Provided records:
--
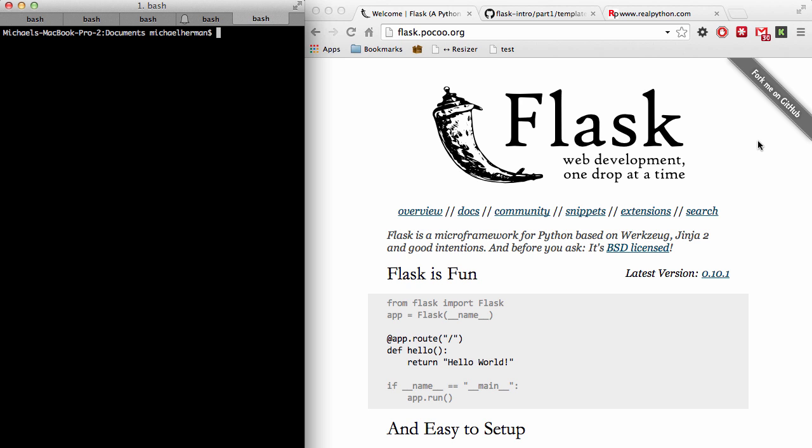All right, so in this series of tutorials, we'll be looking at the Flask framework powered by Python.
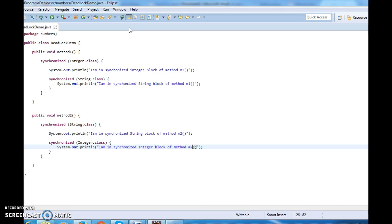Now assume two or more threads are trying to access method m1 and m2. What happens is: method m1 will acquire a lock on the integer class and method m2 will acquire a lock on the string class. Then method m1 will try to acquire a lock on the string class, and method m2 will try to acquire a lock on the integer class. A collision occurs and creates a deadlock situation. This is the code for creating a deadlock situation.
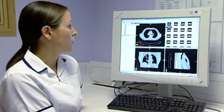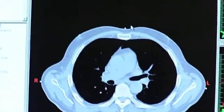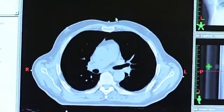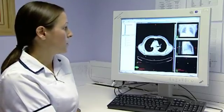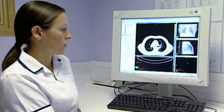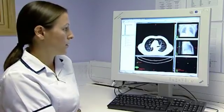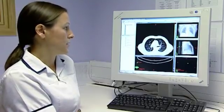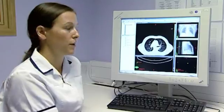We move on to contouring. This is all done in the transverse plane only, and to mark up the tumour volume, the doctor would use a lung window so it's easier to visualise the extent of a tumour.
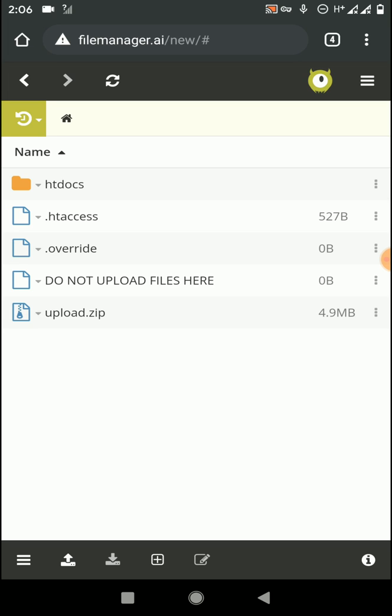I'm going to upload a zip file using my mobile and extract it into the cPanel of InfinityFree. Please subscribe to my YouTube channel, turn on notifications, and join with me.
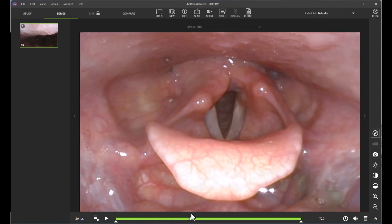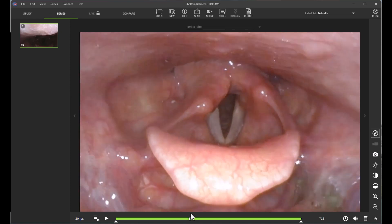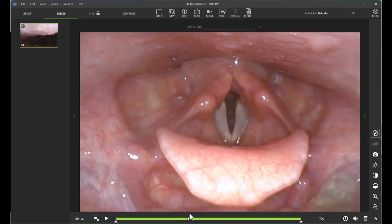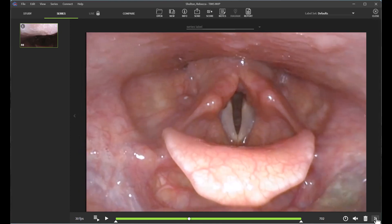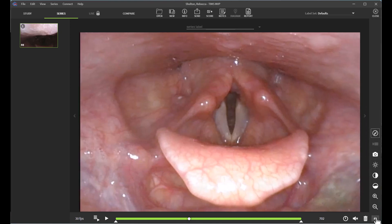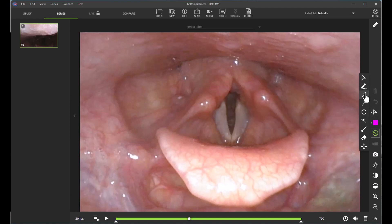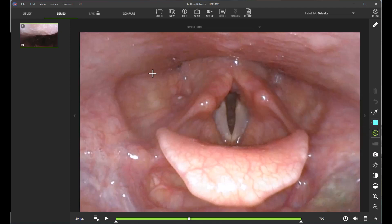Let's say that there's something that I'm wanting to point out on this study. I can add telestrations by opening my toolbar here on the right-hand side, and then selecting which tool I'm wanting to use. I'm going to go ahead and add in an arrow and change the color to blue.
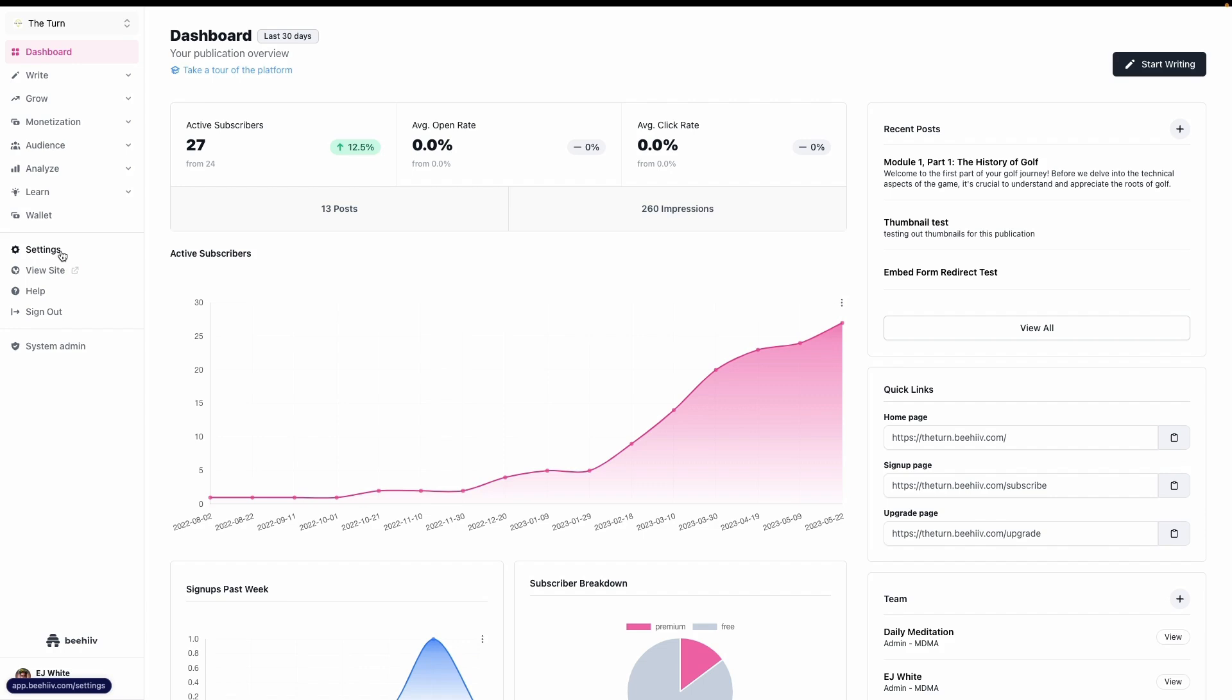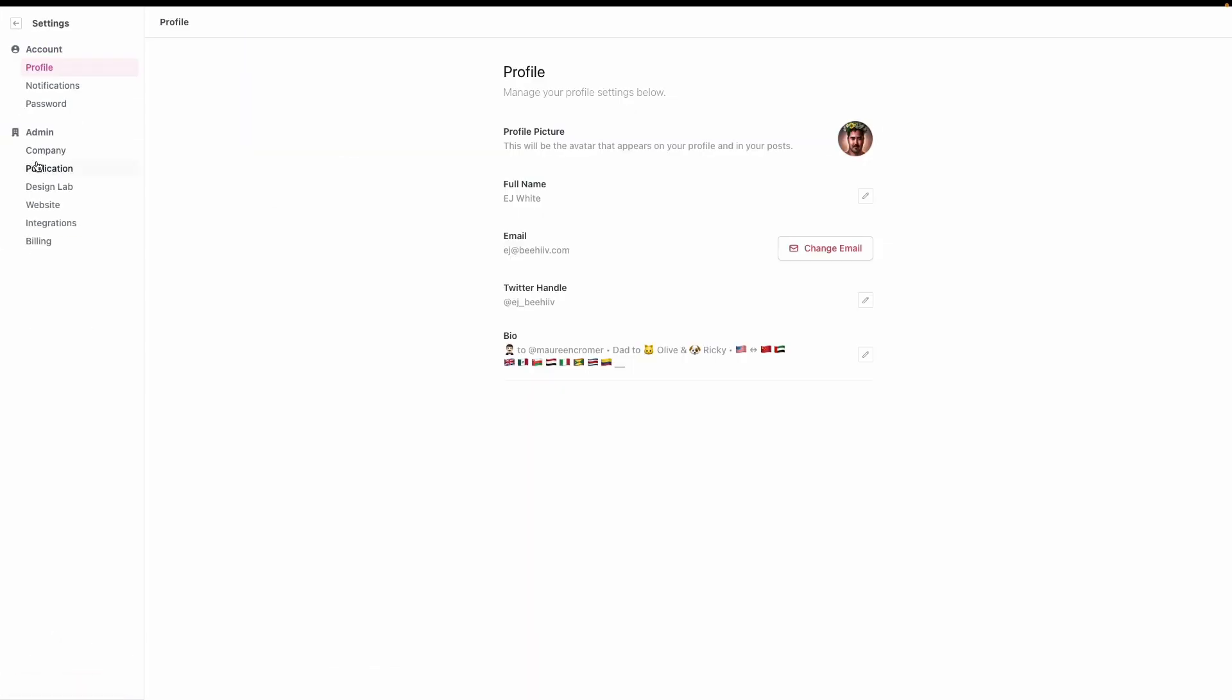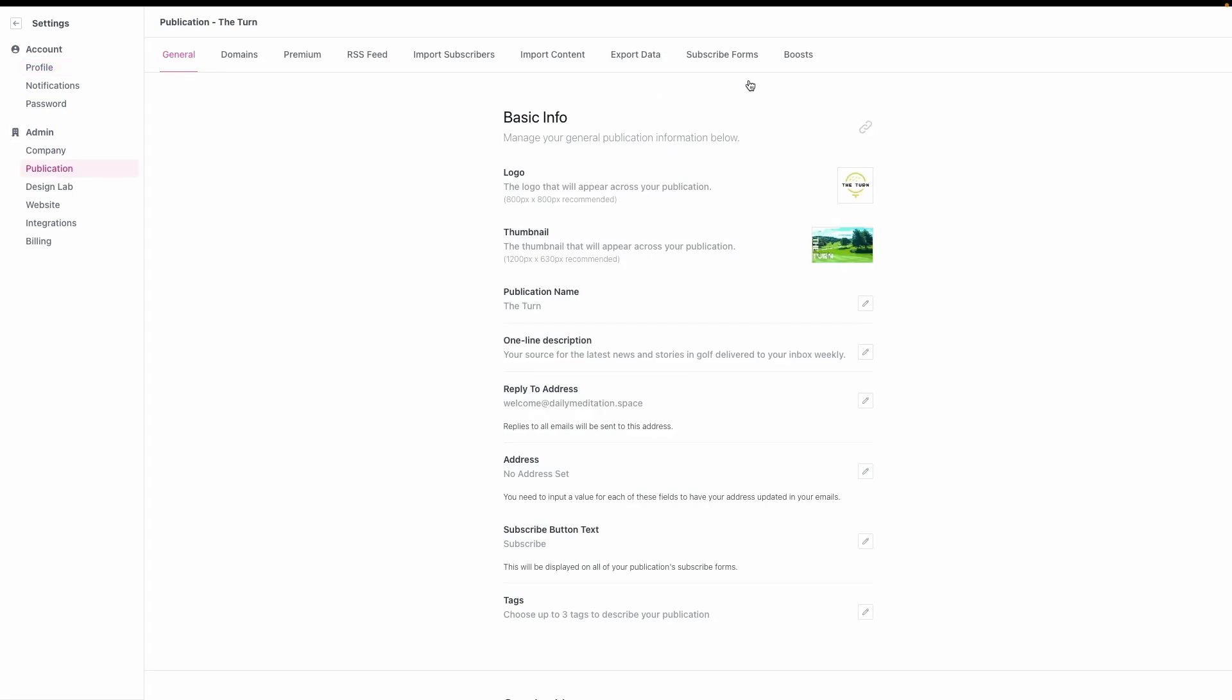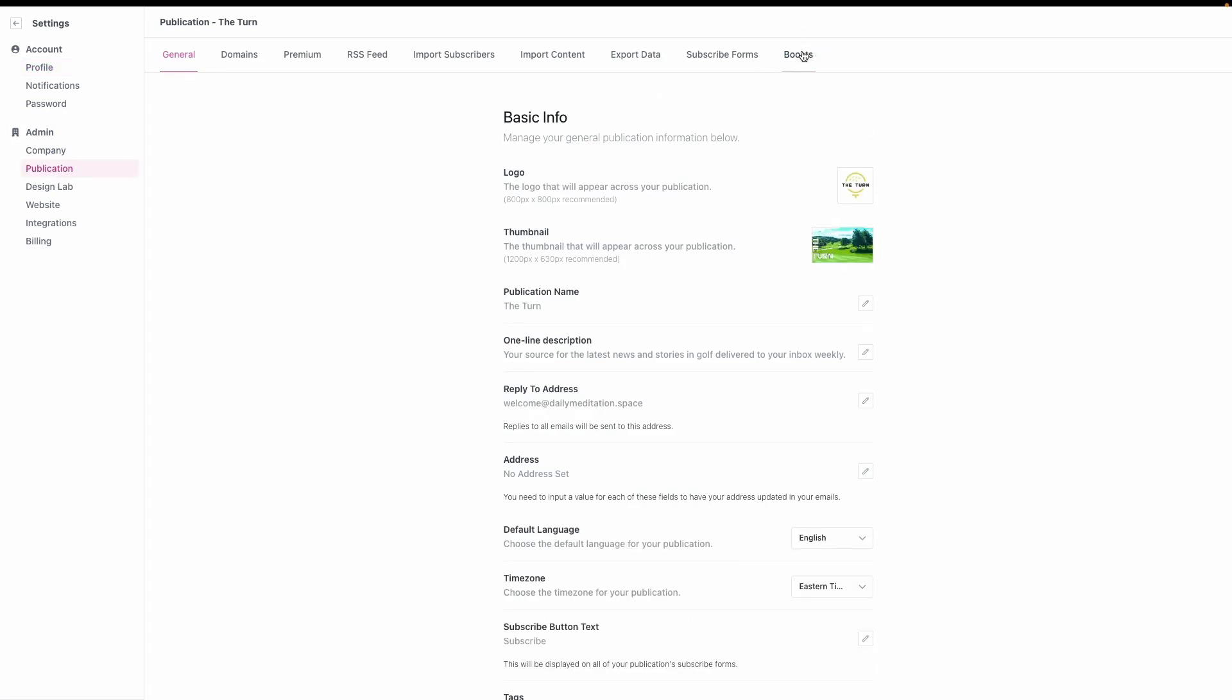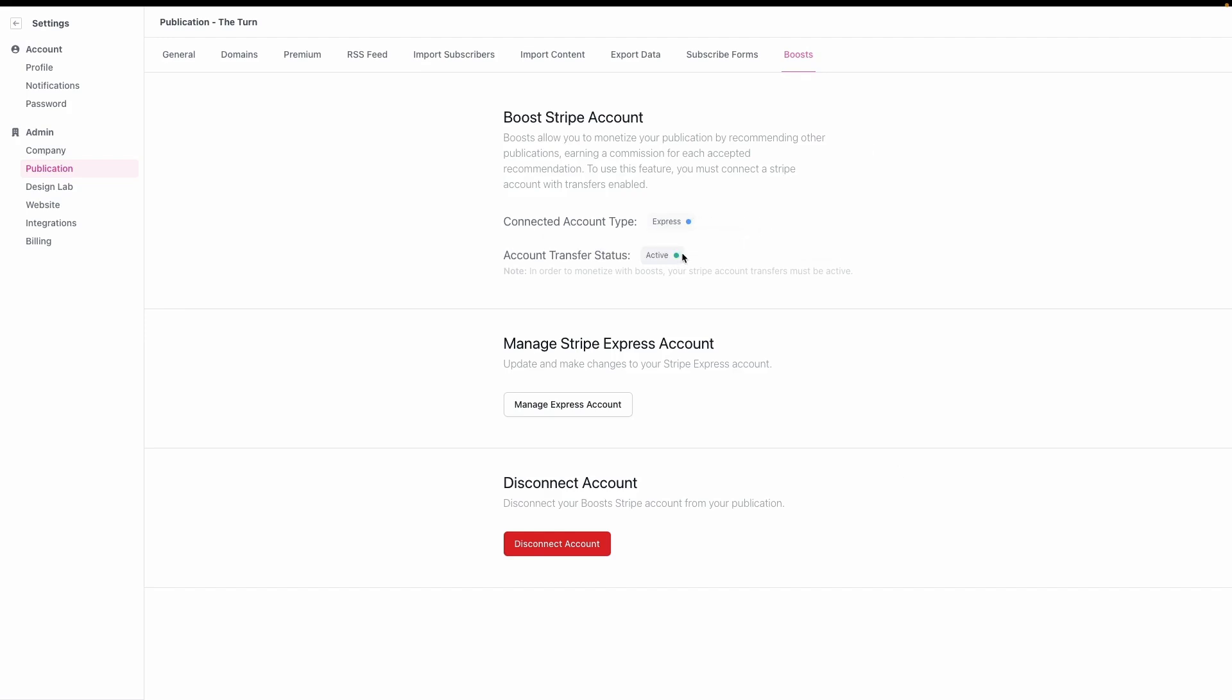To access this, go to Settings, then Publication, and then Boosts. This will give you insight into your Boost Stripe account. You'll be able to see the account type, the account status, and whether it's active or inactive.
--
For the entries above, print exactly the lines between the one with "Now assume two" and the one with "I'm going to upload", inclusive, with no pictures.

Now assume two or more threads are trying to access method m1 and m2. What happens is: method m1 will acquire a lock on the integer class and method m2 will acquire a lock on the string class. Then method m1 will try to acquire a lock on the string class, and method m2 will try to acquire a lock on the integer class. A collision occurs and creates a deadlock situation. This is the code for creating a deadlock situation.
We move on to contouring. This is all done in the transverse plane only, and to mark up the tumour volume, the doctor would use a lung window so it's easier to visualise the extent of a tumour.
I'm going to upload a zip file using my mobile and extract it into the cPanel of InfinityFree. Please subscribe to my YouTube channel, turn on notifications, and join with me.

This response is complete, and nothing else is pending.